4)Carefully file away the excess wood down to your lines, leaving just a little bit to go and angling the file up a bit so you don't take chips of the opposite side. Do this on both sides.

5) Cut away the lump in the middle of the toe left by the file and slightly hollow out the center, so only the edges will touch the plate. There are multiple ways of doing that - I personally would use a a good sharp chisel to pare away most of the lump, followed by a shallow gouge or a rough scraper to hollow it slightly. With a narrow toe like I suspect you have, you may not need to remove much - the point to take away is that only the edges need to touch. I would leave about a 1/16" or a little larger flat on either side.

6)If you are using anything other than a rectangular plate, cut a rough inlet inside your scribed lines for the front part of the toe.

7)Coat your toeplate with transfer color and inlet straight down, using files, chisels, or scrapers to remove wood at the bottom of the mortise, until you reach the proper depth. Ideally, it will be showing black along the edges, but still slightly hollow in the center of the inlet. Of course, if you didn't hollow it out deeply enough the first time you can always scrape out a little more...

8) Screw it down, file the edges to match the stock.

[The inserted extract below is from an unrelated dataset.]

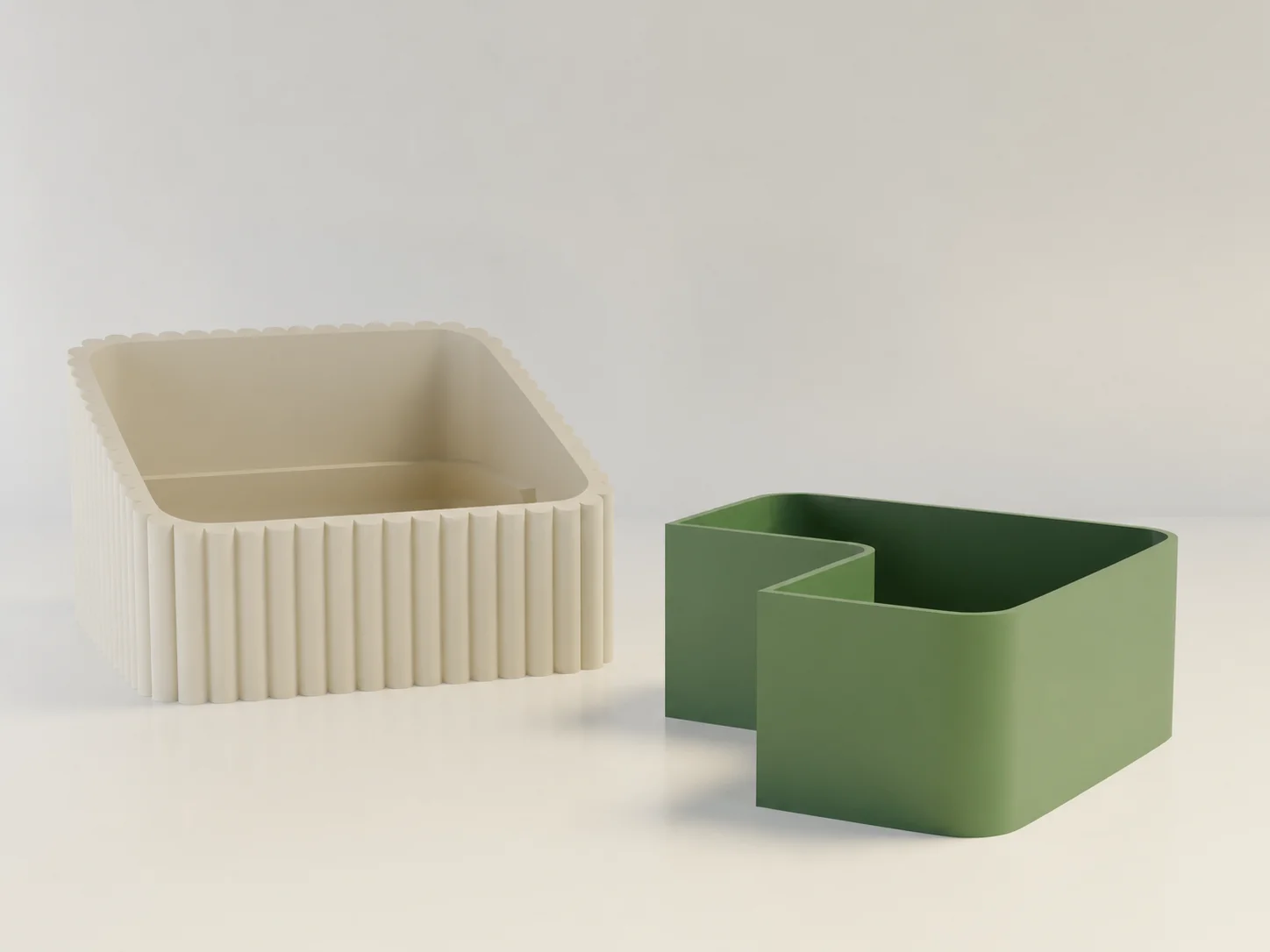 3D Baskı Fıstık Kasesi - Çift Hazneli Kabuk Ayırıcı Sunum Kasesi - Bej Yeşil görsel 2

I apologize if some of this is too elementary.
 
Thanks for your responses.
None are too elementary for me, thats for certain. I am pretty new to this stuff. I've read the books but all seem to lack in detail. Lots of info on power tools but not a whole lot on the handle tool approach.
 
I mark a line on each side for the depth of the plate, then take a coping saw & cut a groove across the toe almost to the depth of the line, taking care NOT to go past that line on each side. Make multiple cuts about ever 1/4" to 1/2" depending on the curl of the wood, more curl requires more cuts as it will chip out easily & leave you with a tear or chunk out to repair. :shake:

Take it all down to the line & then use a small bent chisel to get all flat with your depth line. Use the edge of a small piece of metal not quite as large as the toeplate to keep checking for it to be flat.
When you think you have it close, use inletting black to blacken the inside of the toeplate, lay it on the , tap it, remove & take out the high spots.Center is usually high so relieve that just a tad out to about 3/16 to 1/4" of the edge.

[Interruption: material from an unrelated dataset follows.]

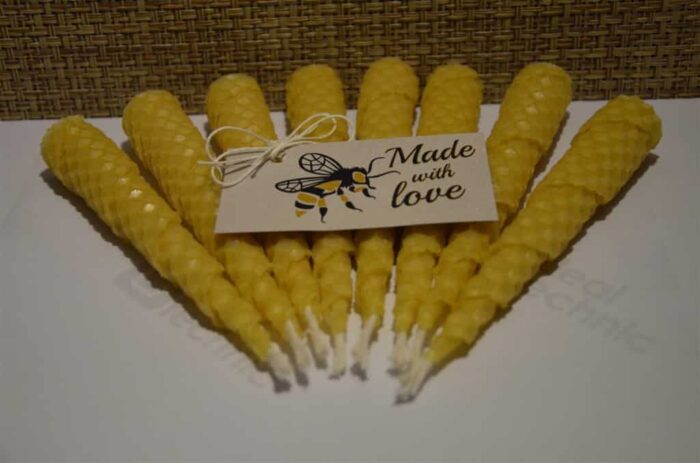 8.gab tītas bišu vaska sveces 13 cm x 2 cm - Image 2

When you get ready for screws, draw a center line down the toeplate. Figure out how may screws keeping in mind that if you get too close to the end of the toe, you could break it or chip it out & be worse off than you started.

Off the stock, centerpunch & drill a small pilot holes the dia of the screw shaft center into the toeplate, then put the plate on the toe & predrill the holes the depth required. WATCH THE ANGLE OF THE DRILL..... you want the screws 90 deg to the plate, Regardless of the shape of the butt.... this puts the screw heads down evenly... :hmm:

Take the toeplate off & you can now countersink the holes for the screw heads, all holes the same depth..

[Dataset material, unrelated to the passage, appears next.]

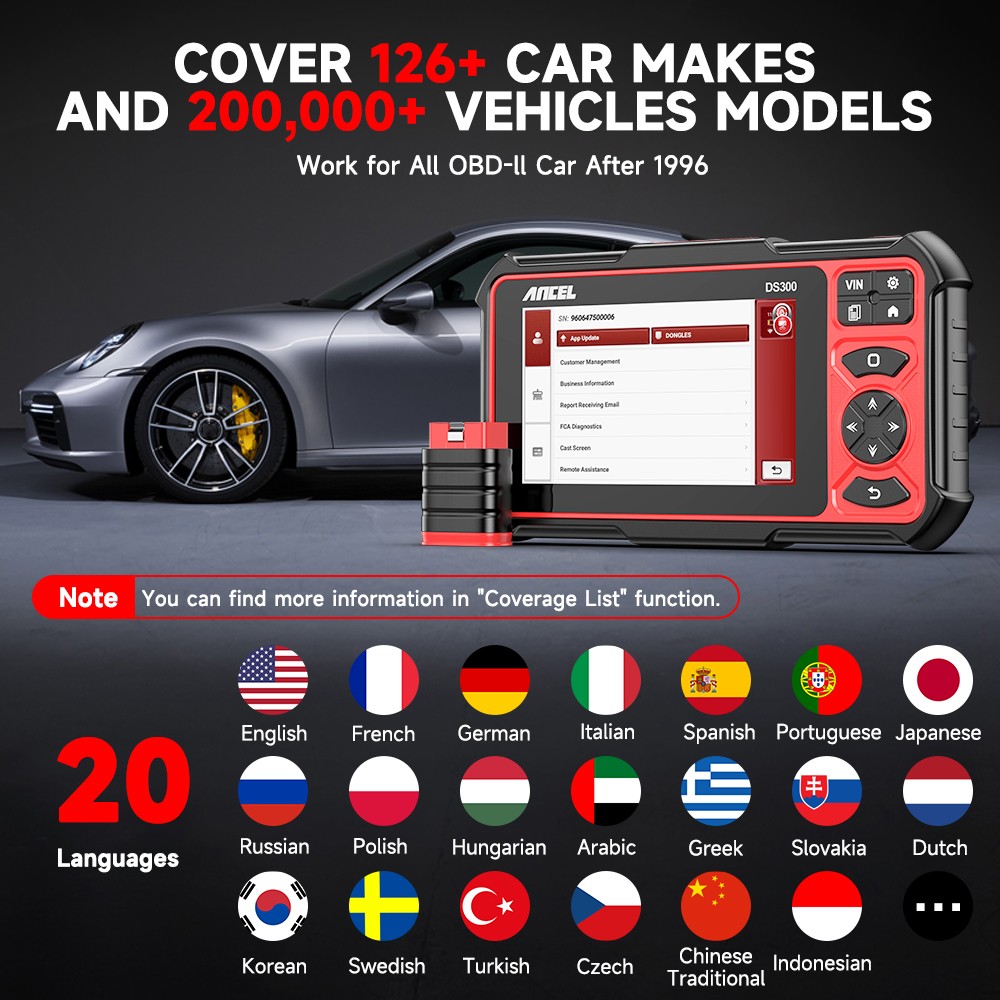 ANCEL DS300 Car OBD2 Scanner All System Auto Diagnostic Tool KEY Coding 28+Reset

Take a fine tipped Exacto knife & get a lil patchlube (grease type) and take the tip of the blade & gather a tad & insert the grease into the holes to lube them. Now put the screws in. IF they feel too tight, back the screw out & go to a slightly larger bit, or do a test hole in a block of wood & try it, then go to the stock.

Keith Lisle
 
Marwin- avoid the siren song of power tools... this work is way too delicate for their use (don't ask me how i know) :redface: :redface: :redface:

i've used Elnathan's approach, but next time i'll try Birddog's.

for what it's worth, you'll look really cool if the slots of the screws line up with the axis of the rifle.

good luck with your build... then go forth and make good smoke!